Possible standard for fish tank minimum size;
- Do not keep any fish in a tank smaller than a 5 gallon, except for quarantine or
breeding purposes (for small species)
- Find the maximum standard length a fish is likely to reach (often 80% of the
figure on fishbase) and divide the length of the narrow end of the tank by that
value. The narrow end of the tank should be 2 times that 80% value, or else
the tank is not suitable for the fish.
- Tank height must be at least twice that of the height of the fish.
- Add the length and the width of the aquarium together, and then divide this
by the above 80% value. If the result is less than 8, the tank is not large
enough. Active swimmers or aggressive species need 12 or more; if both active AND
aggressive, go to 16. Almost all saltwater fishes are going to be aggressive
and/or active, so this value must be 12-16+ for these.

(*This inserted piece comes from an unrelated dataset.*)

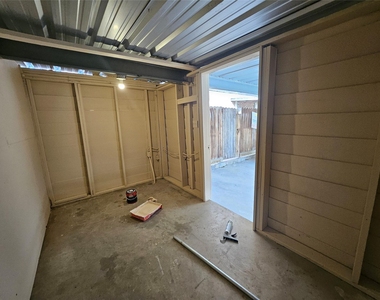 4220 Belle Park Drive - Photo Thumbnail 34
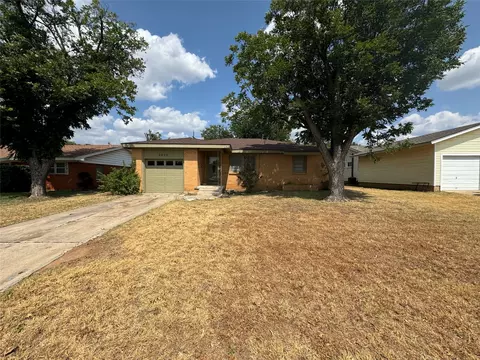 2233 Woodard St, Abilene, TX 79605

- Tank size must also accommodate the fish's temperament (aggressive animals need
larger quarters), the bioload, and other considerations. If a fish consistently
does badly at a certain tank size, go larger.

Thank you for your thoughts on this :)
Love the concept, hopefully I'll have time to pick some fish and run the numbers to see how it works in practice.

The only thing it won't account for is the aquascape in the tank. I feel that for a fish to be appropriately housed in a system it must have enough structure to feel safe and enough space to swim. I've seen some 180g tanks so full of rock and coral that I wouldn't put a tang in it. Hard to quantify that with math.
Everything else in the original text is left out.